Even if the Democrats succeed on this issue, either in the relief bill or with the standalone “Raise the Wage Act” that has also been introduced in Congress, it could take until 2025 before the $15 minimum wage is fully phased in. Meanwhile, we know that if the minimum wage had kept up with rising worker productivity over the past 50 years, it would be more than $24 an hour today. A victory will not really be a victory. It just puts us less far behind.
To the extent that there is any genuine opposition to raising the minimum wage on economic grounds – rather than on the pure winner-take-all greed of the investor class, which is in fact what drives the vast majority of opposition to working people making more money – it is misplaced. Mainstream economists now recognize that raising the minimum wage does not in fact have the automatic job-destroying effect that Econ 101 textbooks assumed. Its biggest effect is making it slightly less miserable to be someone who works a job that society has deemed to be both wholly necessary and also unworthy of respect.

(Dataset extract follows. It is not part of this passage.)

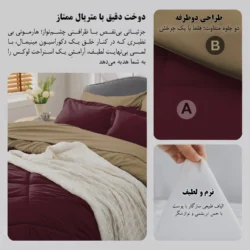 طراحی دو طرفه و دوخت سرویس روتختی مینیمال دورو زرشکی و قهوهای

It is really not that hard to understand why America has a class war. It is because the rich have chosen it. The rest of us, and in particular the poor, are just being swept along in the storm. No issue crystallizes the many lies behind the class war like minimum wage. It affects not some mythical lazy people without the drive to succeed, but rather the people who work harder than anyone, in the jobs that nobody else wants, but which we all know must get done. There is not a billionaire in the world who works as hard as a full-time fast food worker. The morality tale at the heart of the minimum wage debate is not about a benevolent society deciding how much of a kindly helping hand it will extend to those at the bottom of the economic ladder; it is actually about a merciless, cutthroat society arranged to funnel wealth upwards deciding how far down it can press the weakest parts of the labor force before they break. One thing that all opponents of a higher minimum wage have in common is that they would never dream of valuing their own time as cheaply as they think millions of other, lesser people should be forced to.
Democrats must force the $15 wage through Congress while they control it, even if that means they all have to gang up on Joe Manchin and Kyrsten Sinema in the lunchroom. But even more important, they have to recognize that they have a lot of catching up to do. What morality really demands is not a minimum wage, but a living wage. The Fight For $25 begins on the day after the current battle is won.